Keeps a list of failed login attempts to prevent brute force attacks.
This class requires the SQLite3 extension to be installed.
Follow these steps before the login code section of your app:
- Create an instance of the class with two parameters: the file path of the sqlite db file (it will be created the first time you use the class) and an email, username or whatever field you use to identify who is trying to login. It is recommended to provide a path outside the web document root (remember to give write permissions on that folder to your web server user).
include 'Blacklist.php';
$blacklist = new Blacklist('/usr/local/loginBlacklist.db', 'test@test.com');
- Call the canLogin method. A hash will be returned with two members:
- status: Blacklist::LOGIN_ALLOWED means that the user can login, no previous login attempts failed or enough time has passed since the last failed attempt. Blacklist::LOGIN_DENIED means that this user cannot yet login, not enough time has passed since the last failed attempt.
- delay: contains the number of seconds until this user can try to login again, in case you want to inform the user. Will be 0 if status is Blacklist::LOGIN_ALLOWED
- If the user can login and the login fails, call the add method. This adds that email to the blacklist database or updates its failed attempts counter. If the user successfully logins call the remove method to remove that email from the database.

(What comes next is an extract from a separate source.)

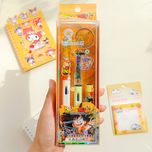 پک خودنویس و دسته کلید طرح انیمه جنگجو کد 204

$canLogin = $blacklist->canLogin();
if ($canLogin['status'] == Blacklist::LOGIN_ALLOWED)
{
// Login code here
if ($loginSuccessful)
$blacklist->remove();
else $blacklist->add();
}
else
{
echo "Due to security reasons you must wait {$canLogin['delay']} seconds before another login attempt";
}
You can edit the getDelay method to fine tune the number of seconds to wait between login attempts. By default no delay is needed for less than five attempts, 20 seconds for 5-9 attempts and a week for 10 or more.